La semaine dernière, Microsoft a ajouté à son portefeuille Windows 10 une variante Windows 10 Pro destinée aux postes de travail haut de gamme, couramment dénommées stations de travail. « Cette version Windows 10 Pro pour workstations doit répondre aux besoins d’utilisateurs avertis qui font tourner leurs machines dans des contextes exigeants et critiques », a annoncé il y a une semaine Klaus Diaconu, un responsable du groupe Windows et Devices de Microsoft. Selon l’analyste Michael Cherry, de Directions on Microsoft, ce nouveau Windows 10 pourrait séduire certains clients, mais il estime que cette version reste « un produit de niche ». Il se demande aussi pourquoi l'éditeur de Redmond a voulu ajouter une autre version à son portefeuille, alors qu'il peine déjà à tirer tous les utilisateurs de Windows 7, et même de Windows 8.1, vers Windows 10. « Ils veulent réduire le nombre de versions et élargir le nombre d’éditions. C'est contradictoire », a déclaré l’analyste. « Cette stratégie soulève un grand nombre de questions. De plus, l’éditeur omet de donner des détails sur les prix, les licences et les modalités de mise à jour », constate-t-il.

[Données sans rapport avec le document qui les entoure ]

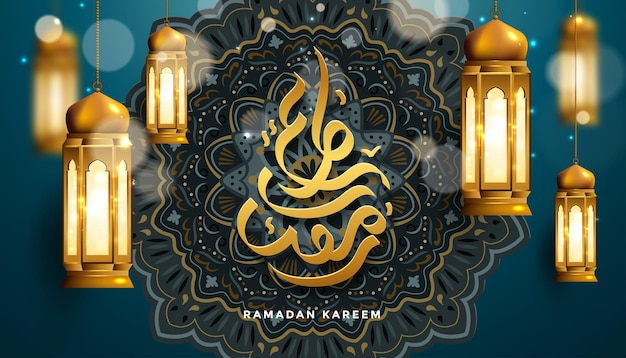 Ramadan Kareem Background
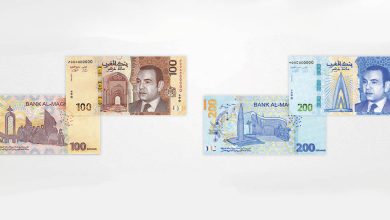 Photo de Bank Al-Maghrib : les nouveaux billets primés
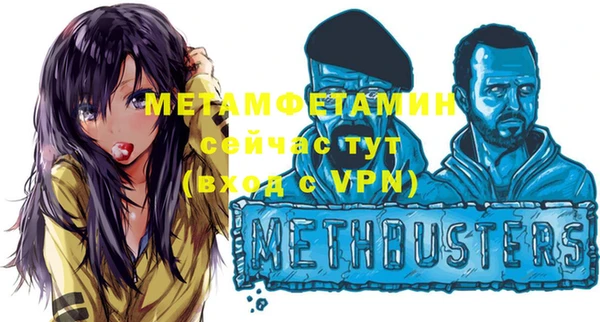 гидра Нягань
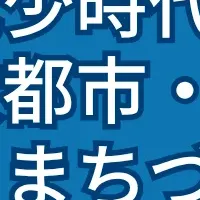 国立市の未来を考える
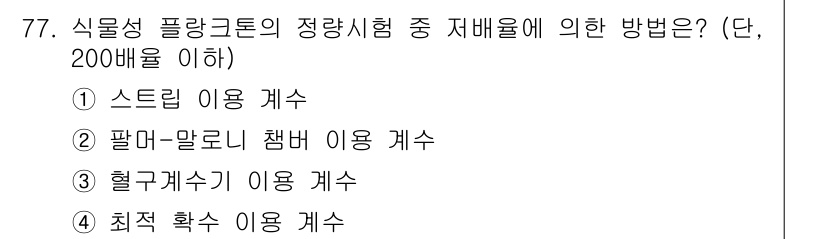 수질환경기사 2016년 79번 - 정답인 3번 '혈구계수기 이용 계수'는 수질 환경에서 특정 물질의 농도를... 에 관한 핵심 기출문제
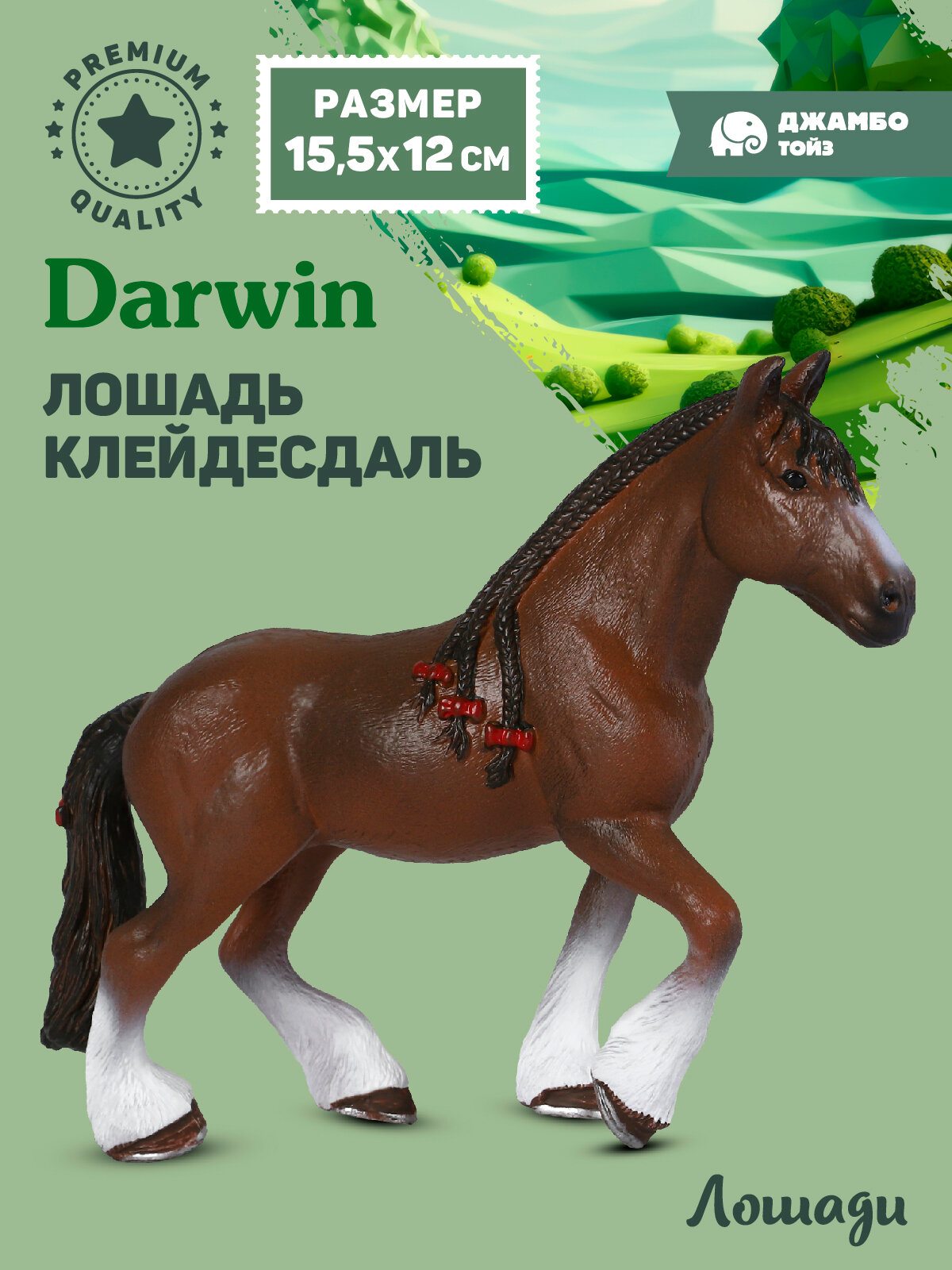 Фигурка коллекционная Лошадь Клейдесдаль Животные, JB0212138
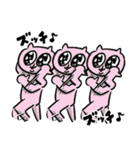 ヒロアカスタンプ(ヤチダ)（個別スタンプ：8）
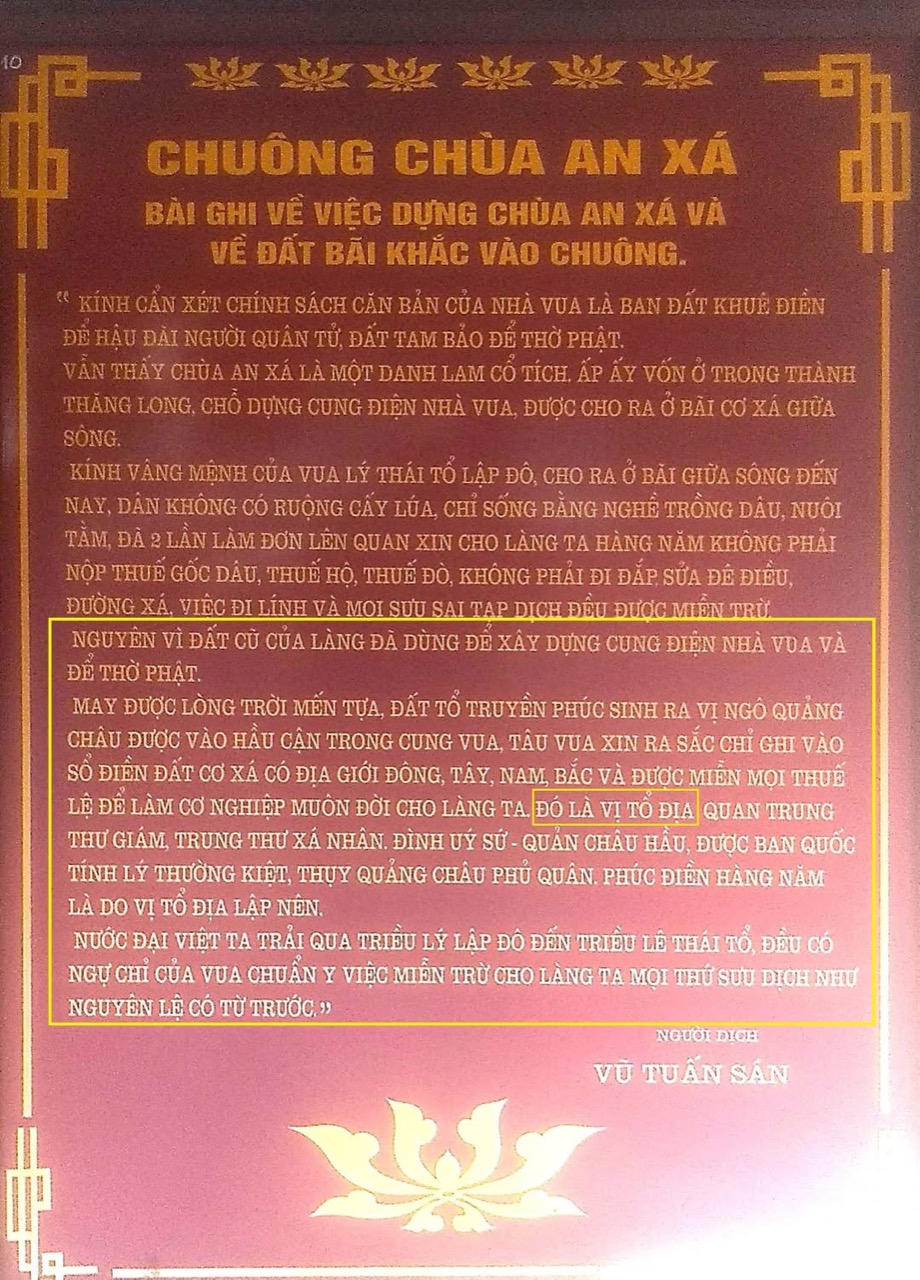 Bài ghi về việc dựng chùa An Xá và về đất bãi khắc vào chuông
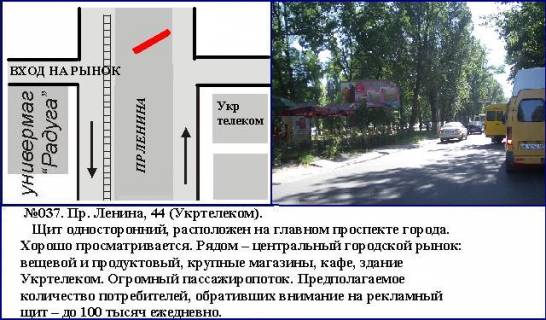 Билборд A в Каменское (Днепродзержинск), 3x6  пр.Свободи, 44 Укртелеком Заводський район фото 1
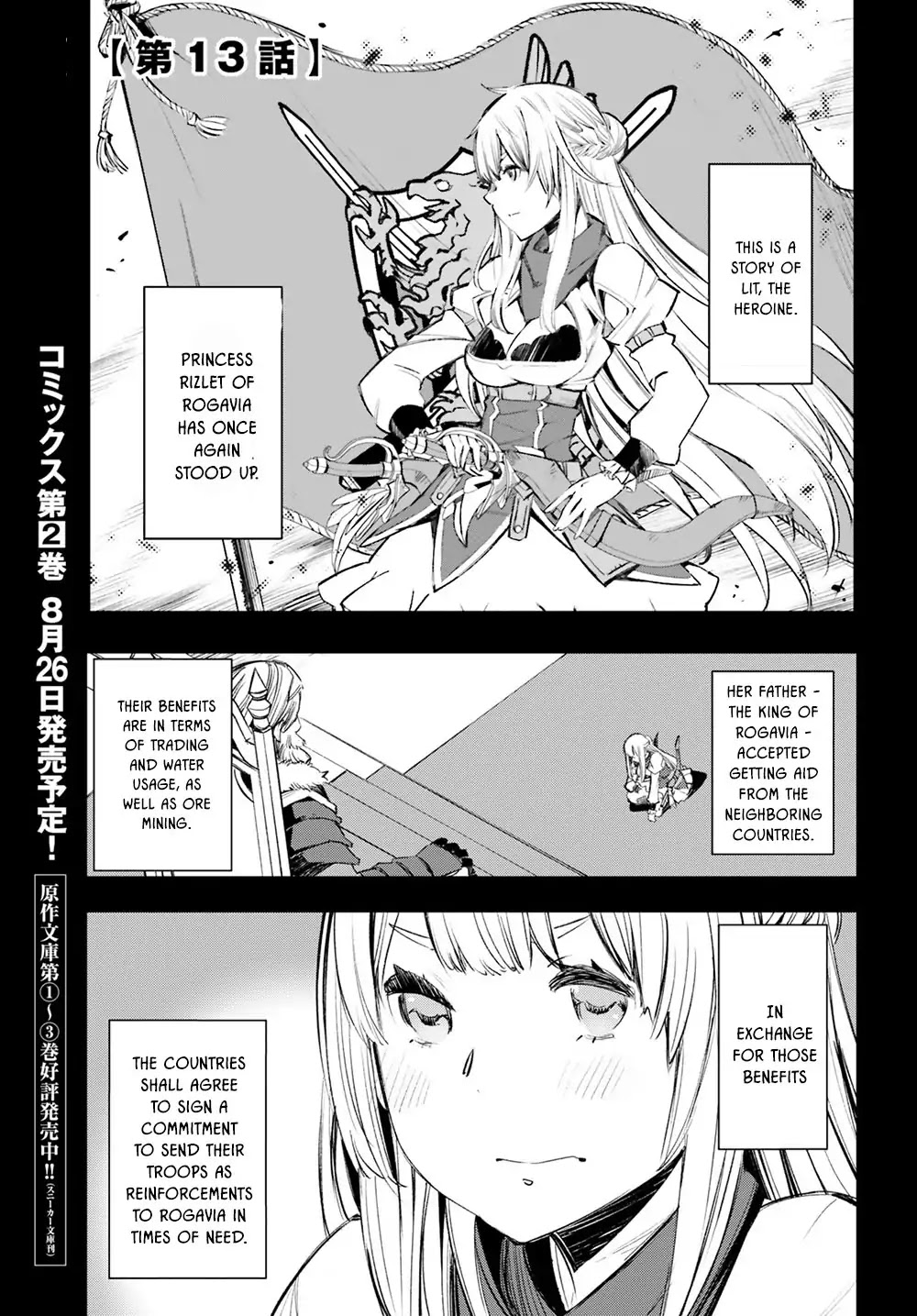 I Was Kicked out of the Hero’s Party Because I Wasn’t a True Companion so I Decided to Have a Slow Life at the Frontier Chapter 13 page 2 - Chapter 13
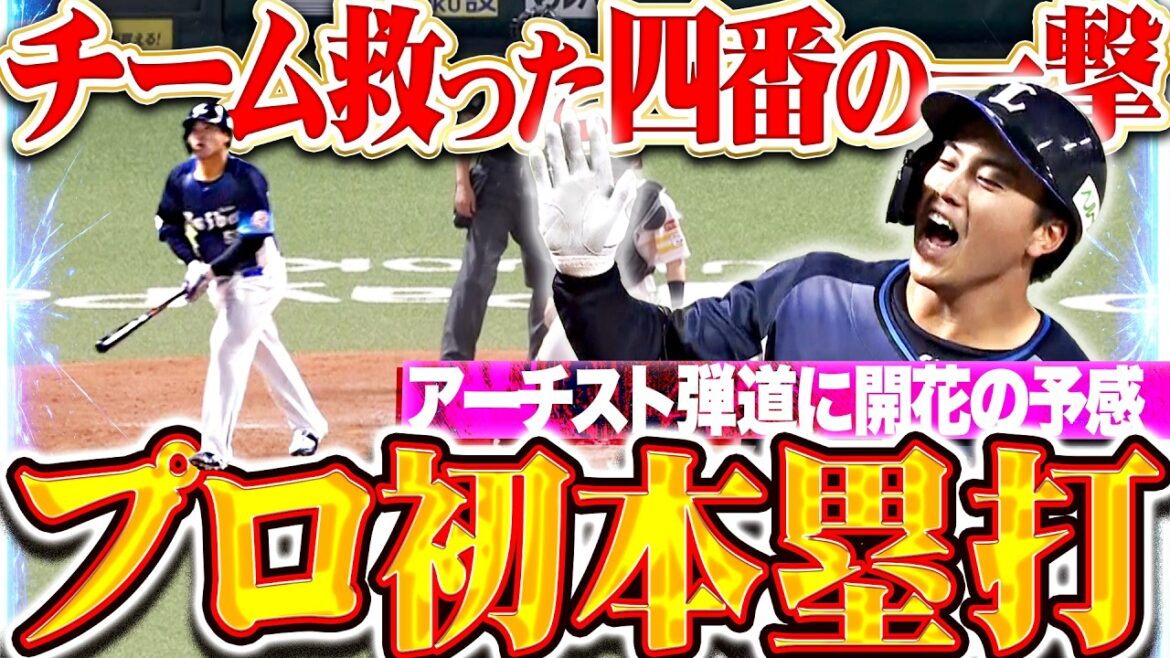 【歓喜プロ初アーチ】仲三優太『苦しいチームを救った4番の一撃!! 完璧なるアーチスト弾道に“獅子の大砲”開花の予感!!』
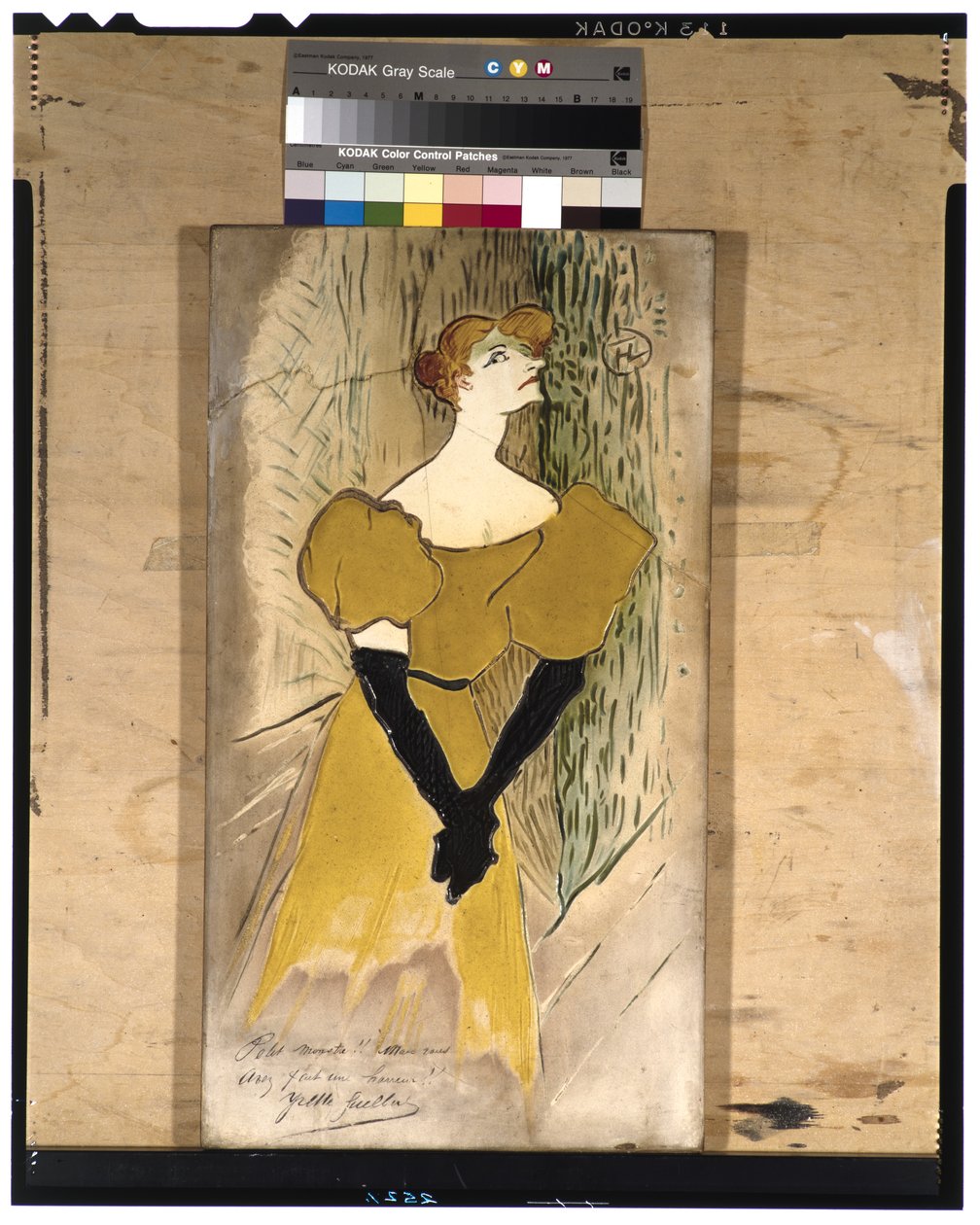Yvette Guilbert，1895年（陶瓷） 作者 亨利·德·图卢兹·劳特雷克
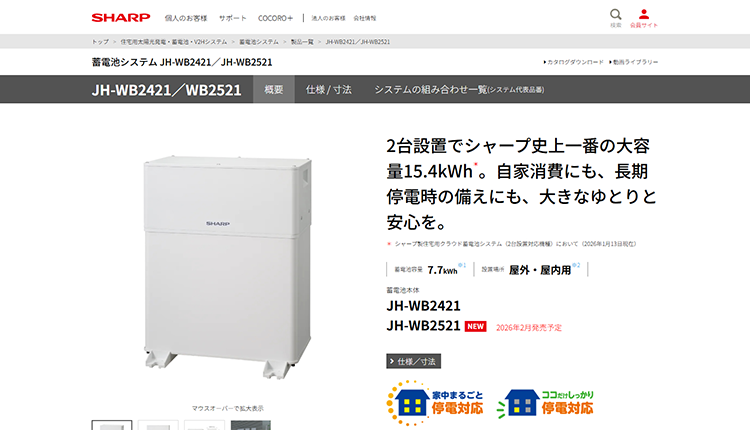 JH-WB2421／JH-WB2521イメージ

Contrairement au lancement de Windows 10 S début mai, qui avait mobilisé Terry Myerson, l’un des plus importants responsables Windows de l’entreprise, l’annonce de Windows 10 Pro pour workstations, limitée au seul blog de Klaus Diaconu, a été pour le moins discrète. Dans son message, ce dernier met en évidence quatre domaines qui distinguent cette nouvelle mouture de l’édition Windows 10 Pro standard. Premièrement, la prise en charge de machines intégrant jusqu'à quatre processeurs - Windows 10 Pro est limité à deux - et jusqu'à 6 To de mémoire (contre à peine 2 To pour la version Pro standard), ainsi que le support des puces serveurs Xeon d'Intel et Opteron d'AMD. Deuxièmement, le support du système de fichiers ReFS, dont la caractéristique principale est la résilience à la perte et à la corruption des données. Introduit pour la première fois dans Windows Server 2012, ReFS est uniquement adapté aux données, il ne peut pas être utilisé pour stocker les fichiers système de Windows.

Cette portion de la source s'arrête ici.